-- Opening Marker --

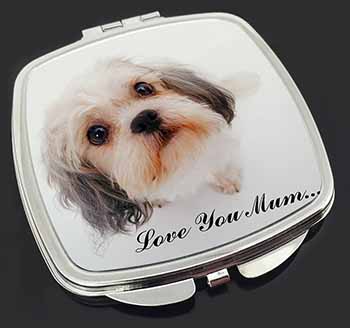 Cute Shih-Tzu Dog 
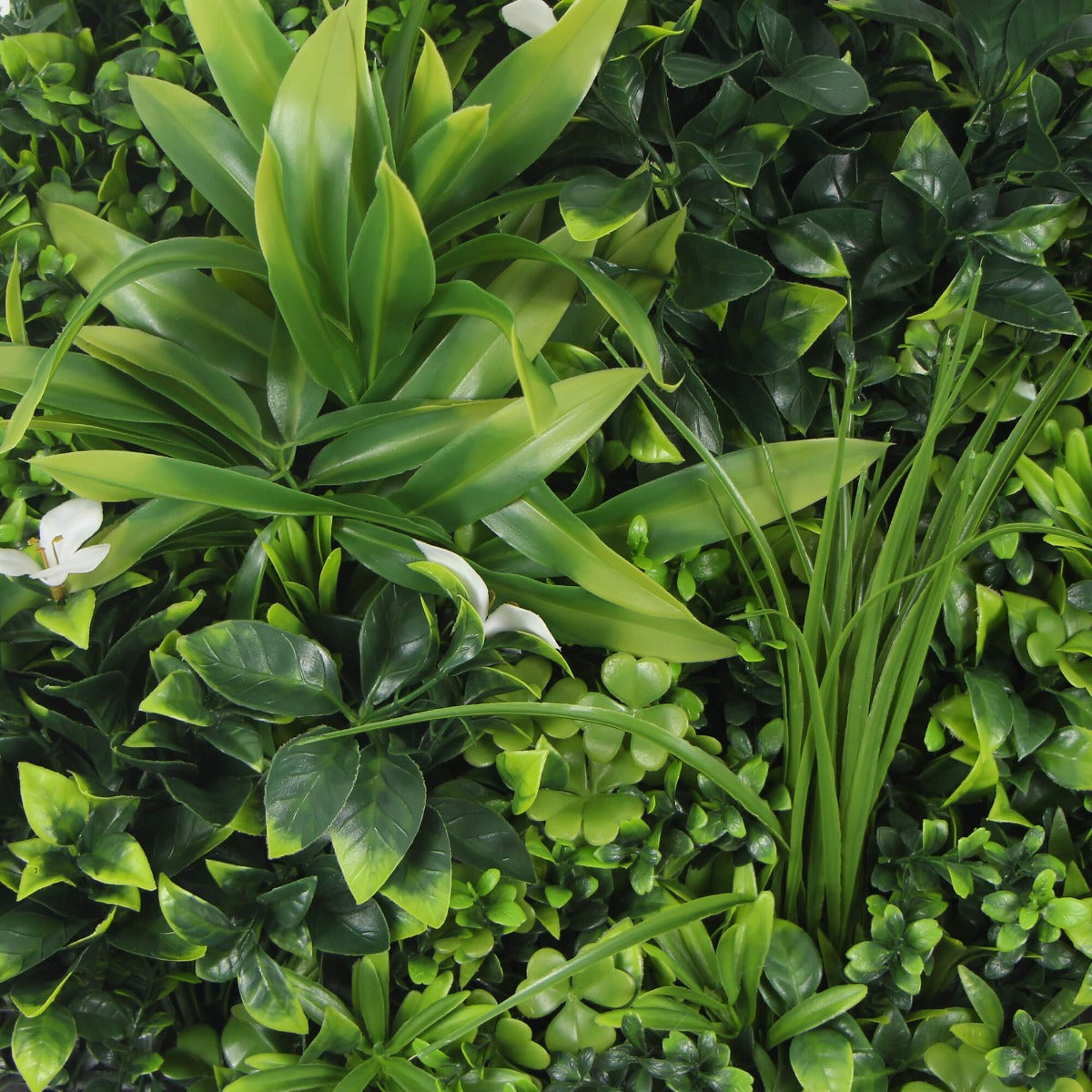 artificial_green_wall_disc_foliage.jpg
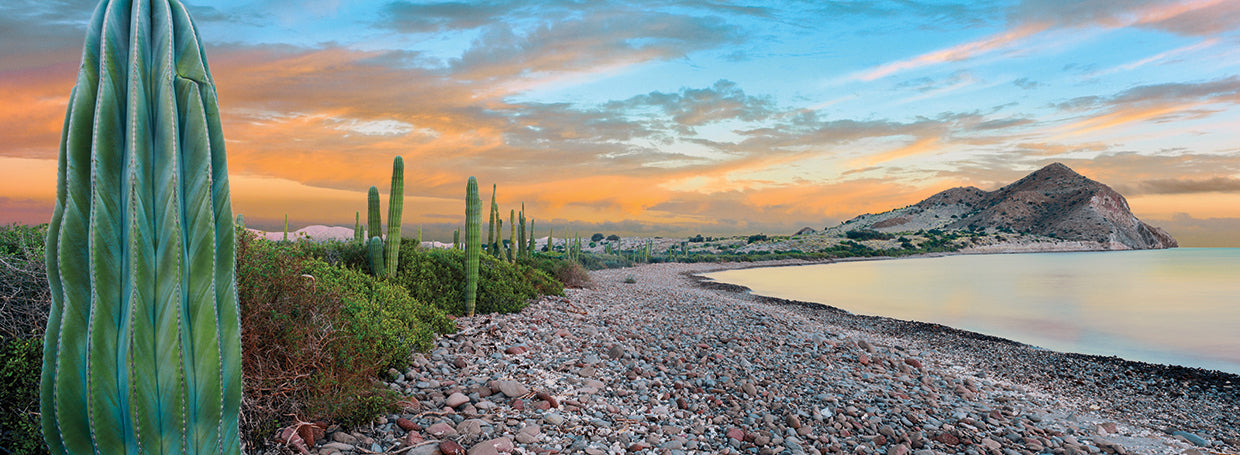 Cactus de guijarros con playas Lienzo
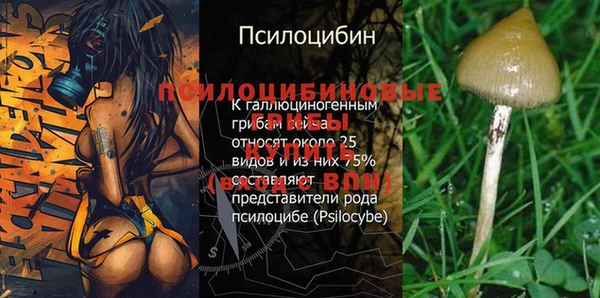 эйфоретик Балахна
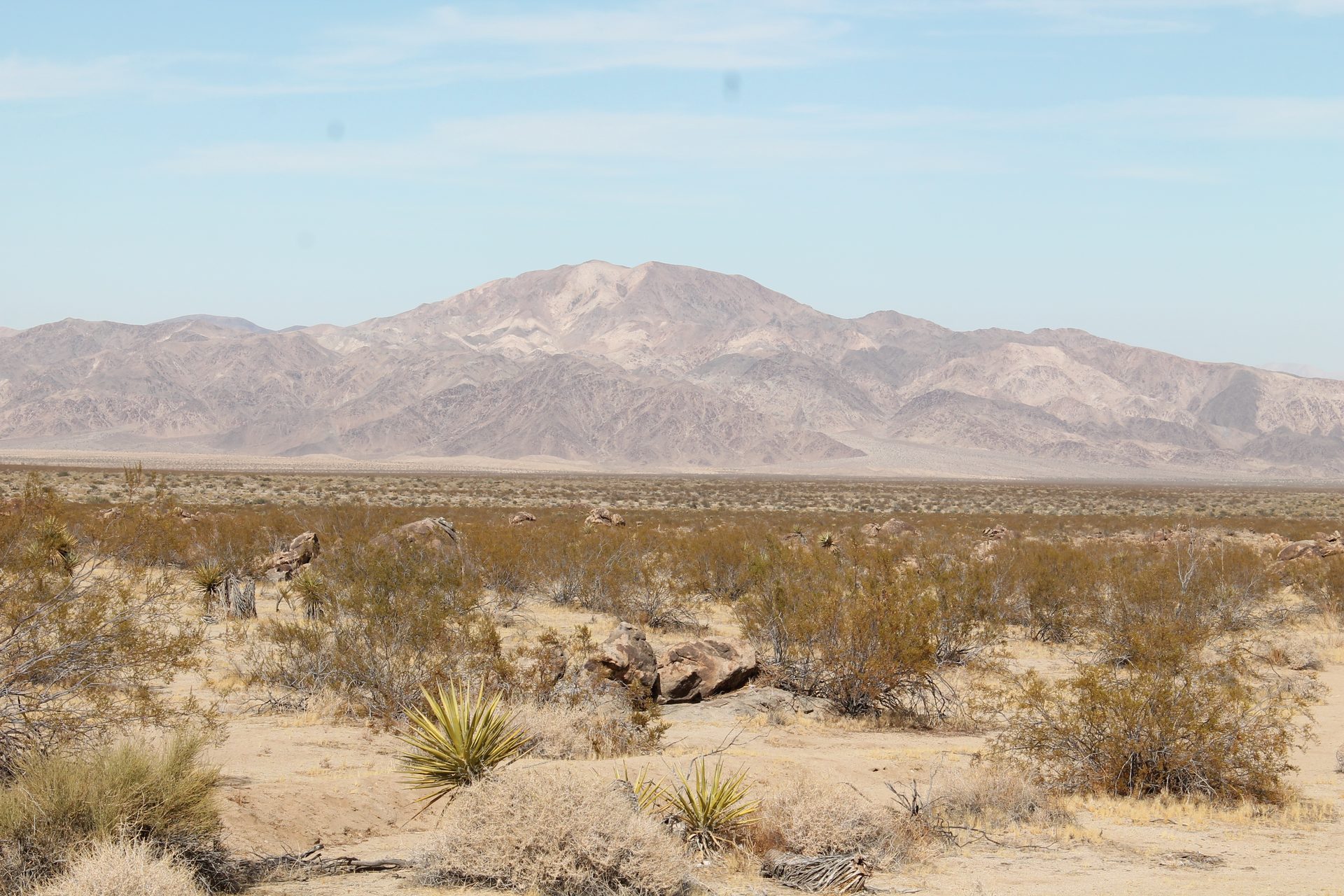 Joshua Tree photo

-- Closing Marker --

Only the lines from the one containing "artificial_green_wall_disc_foliage.jpg" through the last line of the data above, both included, belong in the reply, each restated exactly and without pictures.

# Response area:
 artificial_green_wall_disc_foliage.jpg
 Cactus de guijarros con playas Lienzo
 эйфоретик Балахна
 Joshua Tree photo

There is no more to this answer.